───── Information provided
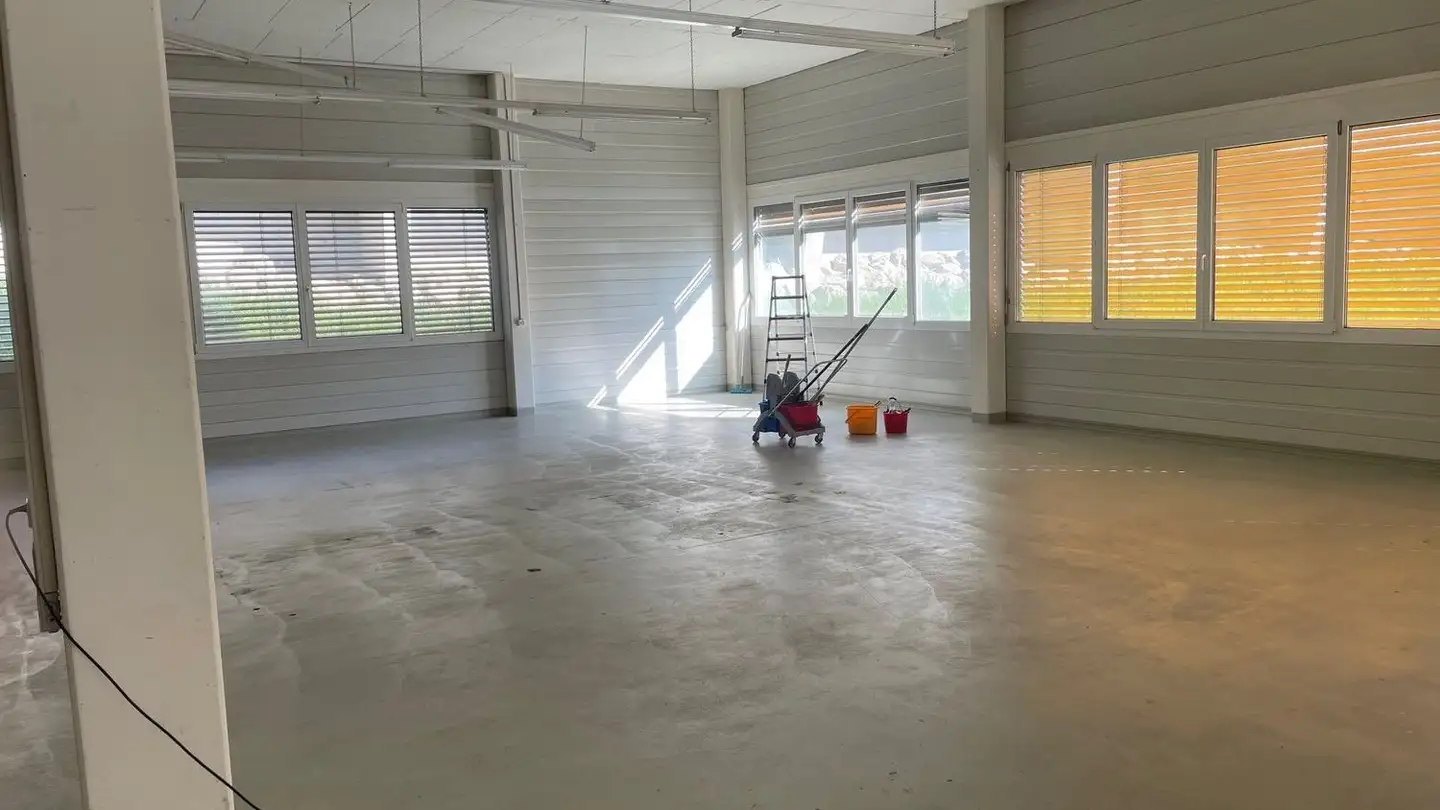 Commercial for rent - 8732 Neuhaus SG - Photo 2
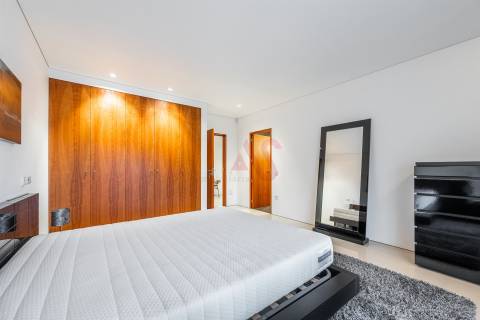 Moradia T4 de Luxo em Souto, Guimarães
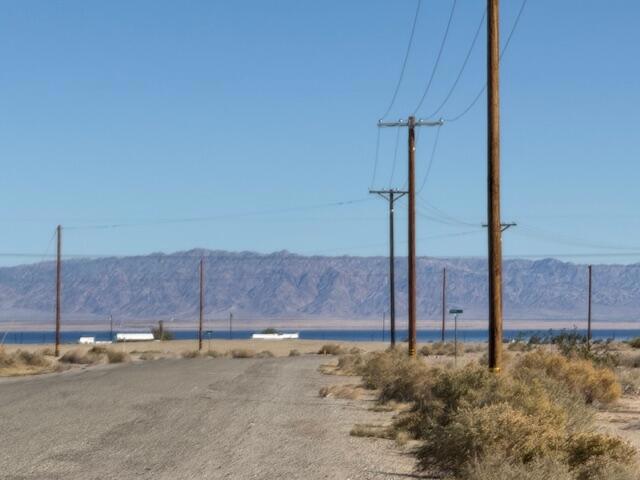 1188 Riviera Cir, Thermal CA: https://media.crmls.org/mediaz/1545e166-67fe-437c-96ec-fd94fb944277.jpg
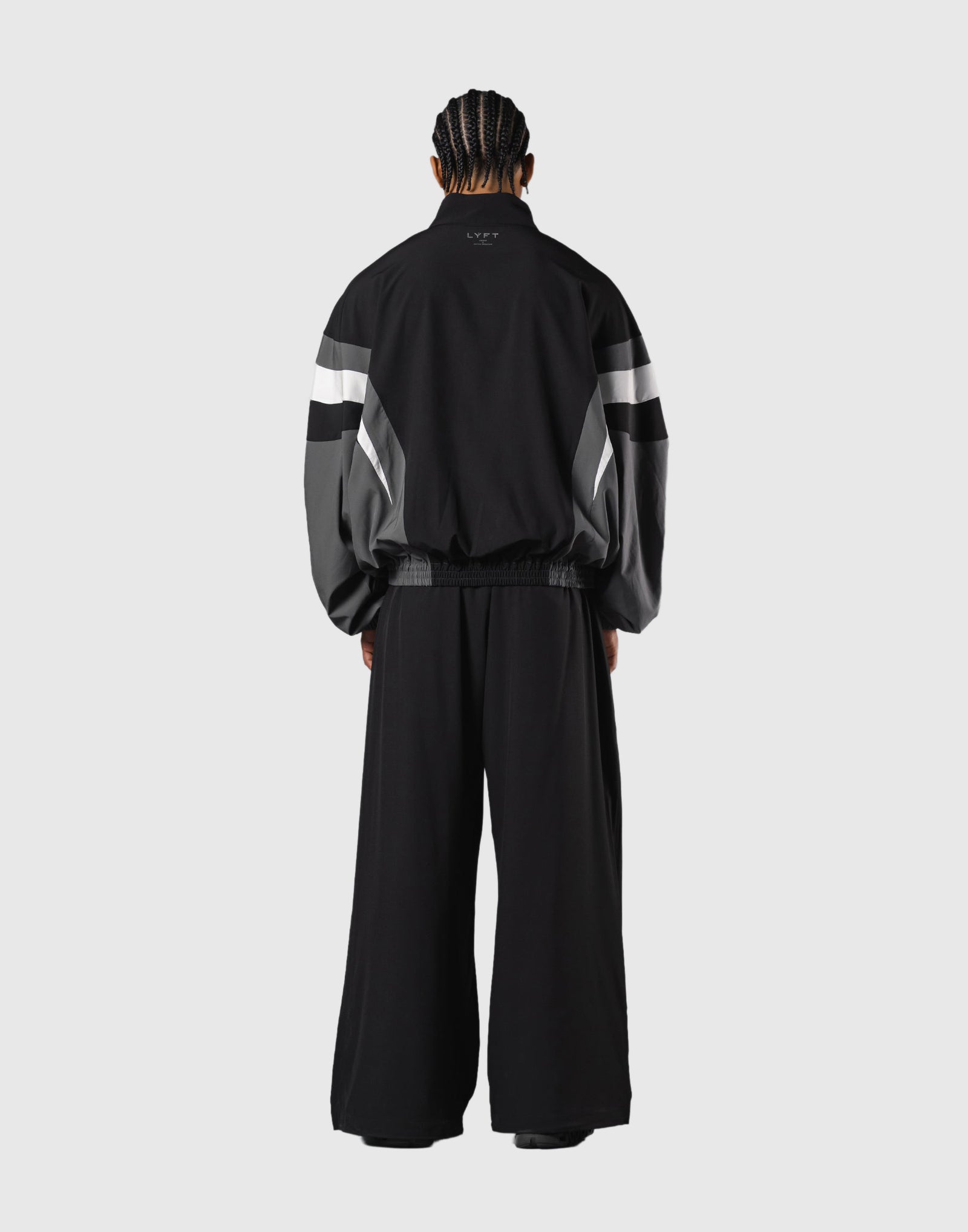2Line Oversize Track Jacket V.2 - Black – LÝFT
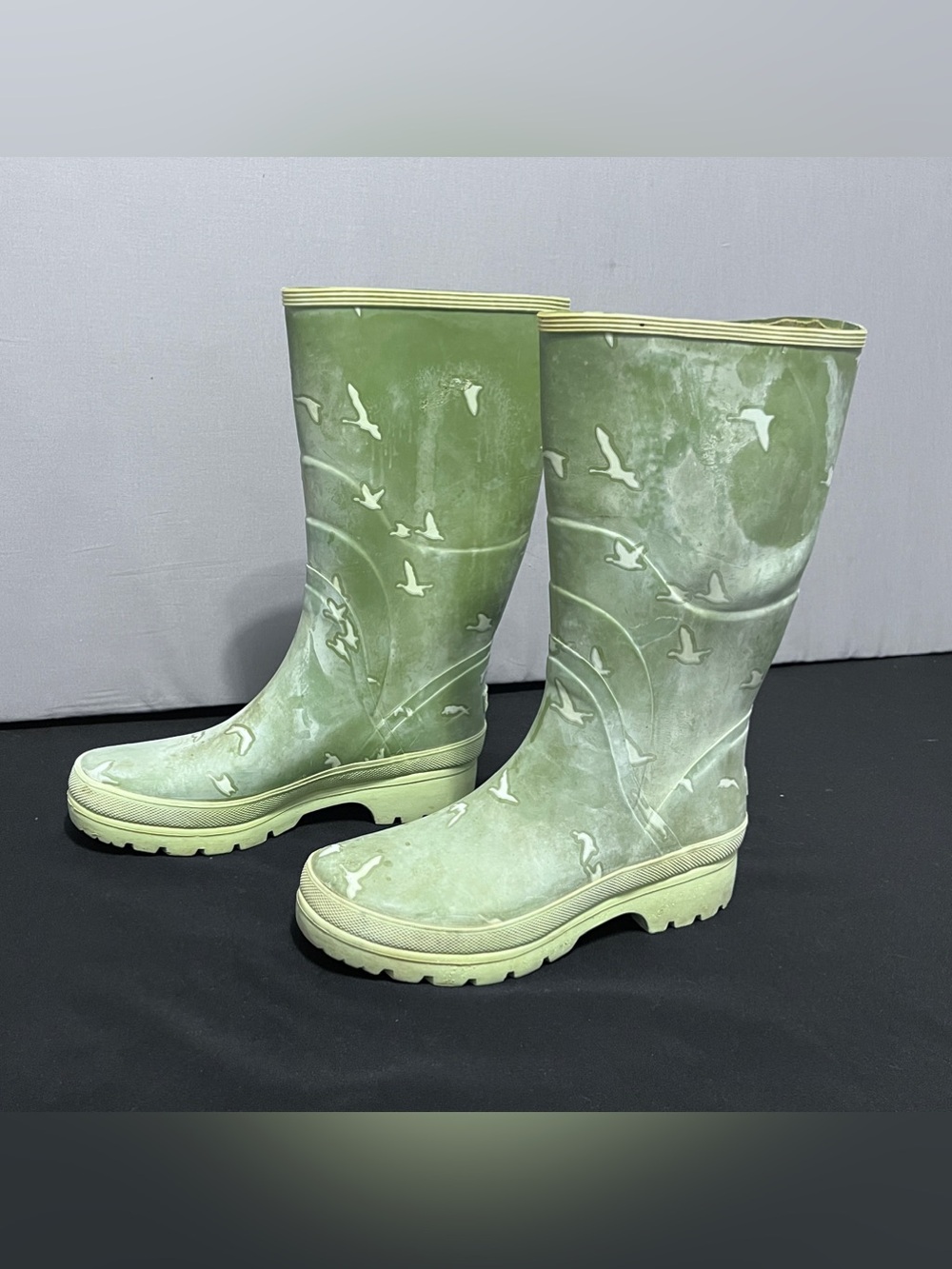 Eddie Bauer Women’s Waterproof Rain Boots Size 8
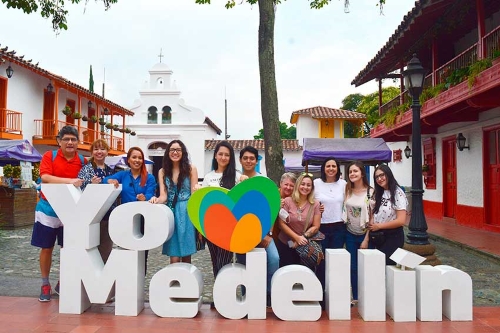 City Tour hoteles en medellin Gallery Hotel Medellin | Hoteles en Medellín | hotel street art | hoteles económicos en el Centro historico de Medellín |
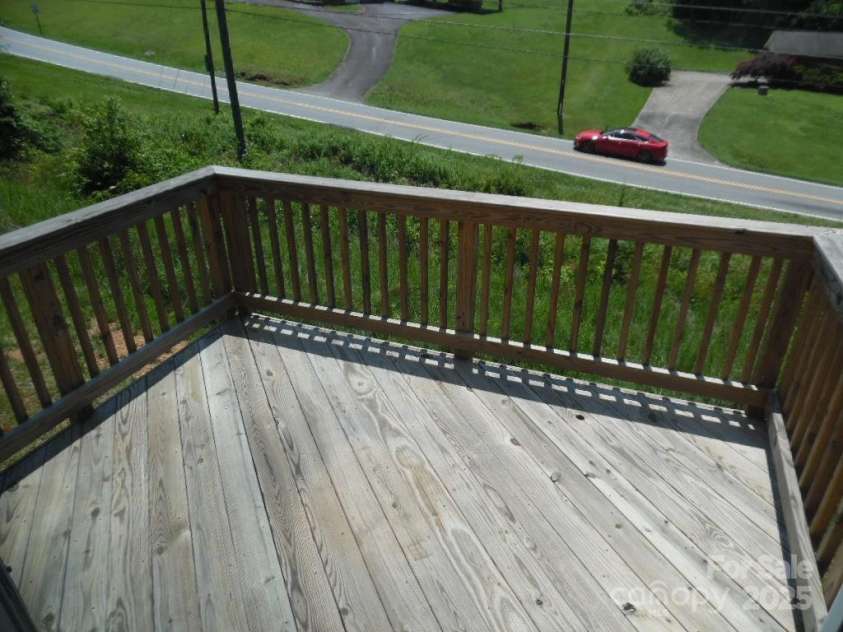 578 30th Avenue Circle, Hickory, NC 28601.  MLS# CAR4283511, YatesRealty ID 27198. 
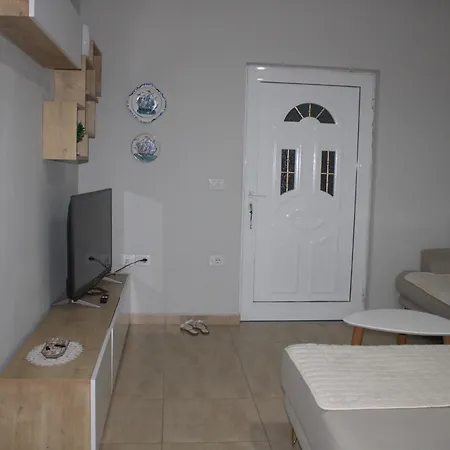 Luiza's * Saranda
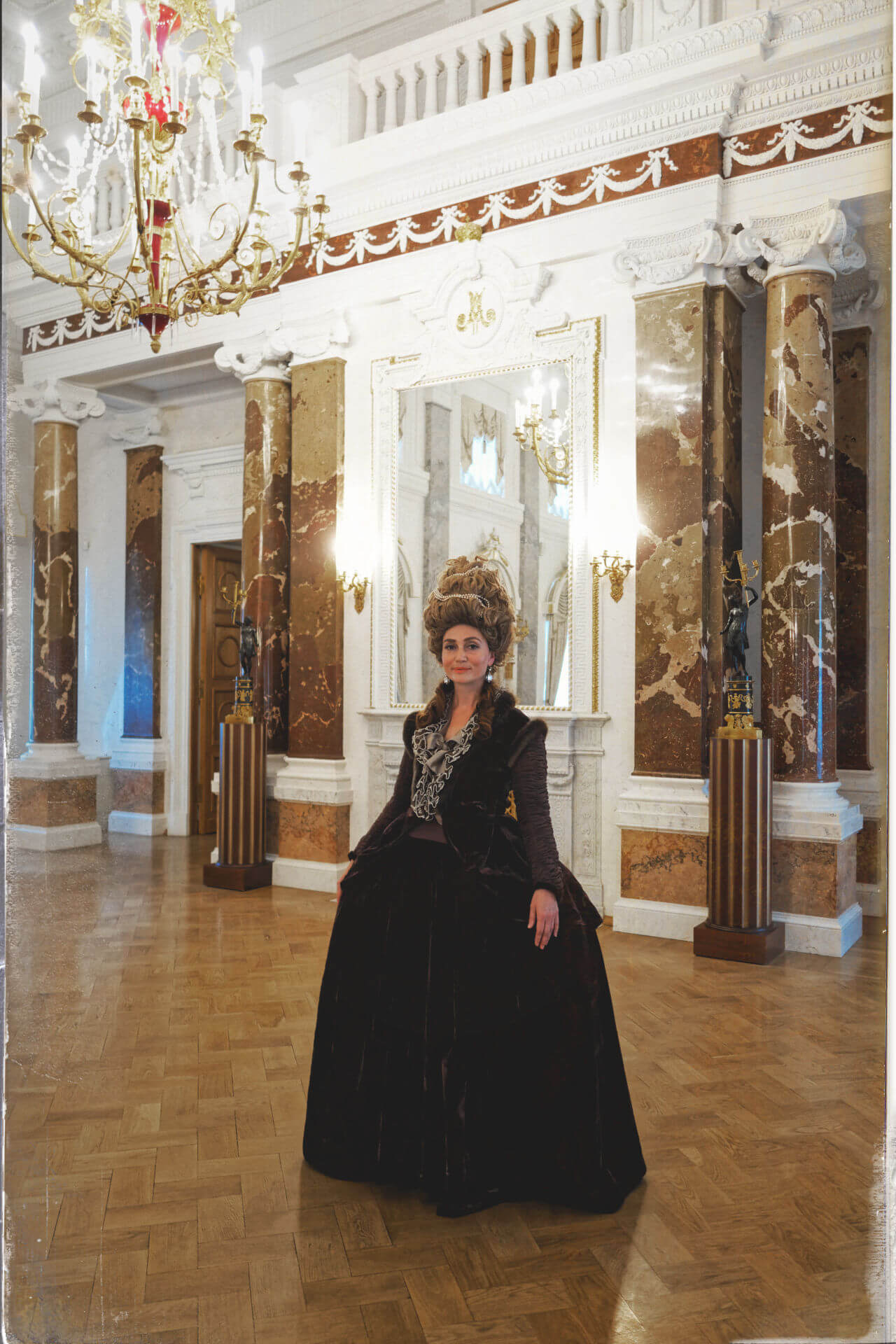 Дама в роскошном платье 18 века в бальном зале дворца в Твери 
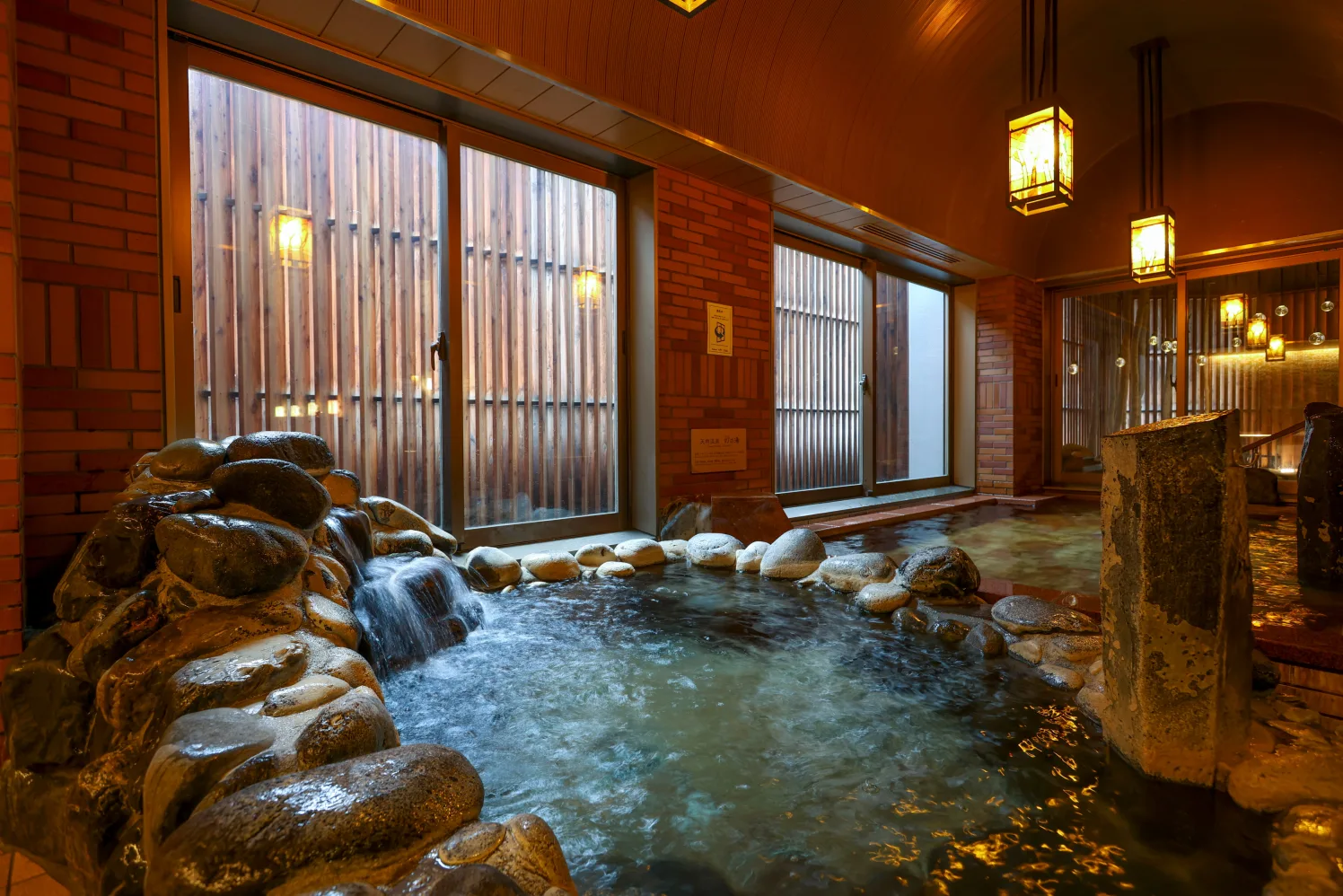 岩風呂が広がる「灯の湯」の内湯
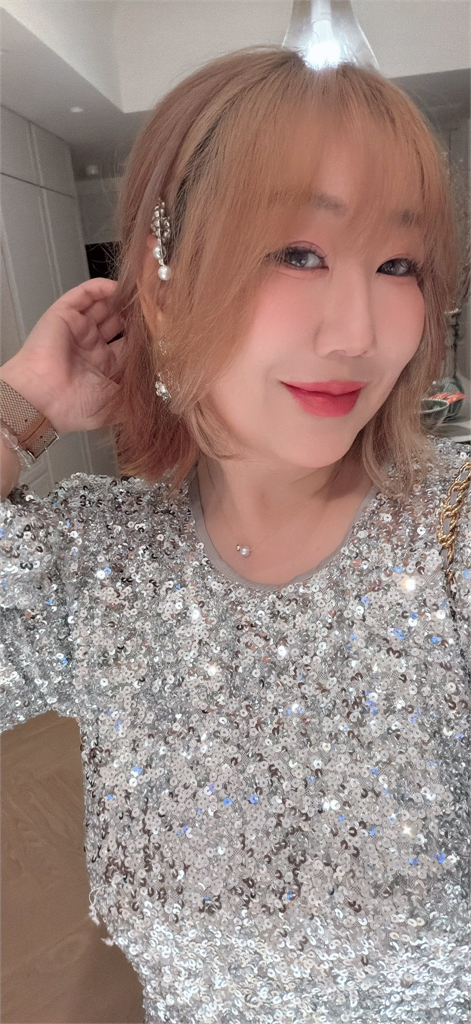 陳佩琪PO畢典邀請函被抓包「柯家要來的」！雞排妹48字火大開嗆：丟台灣人臉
──────────
*What you need to do*. Taking the entries above, extract every line from the one bearing "City Tour hoteles" through the one bearing "578 30th Avenue", exactly, with no pictures.

*Expected output*.
 City Tour hoteles en medellin Gallery Hotel Medellin | Hoteles en Medellín | hotel street art | hoteles económicos en el Centro historico de Medellín |
 578 30th Avenue Circle, Hickory, NC 28601.  MLS# CAR4283511, YatesRealty ID 27198. 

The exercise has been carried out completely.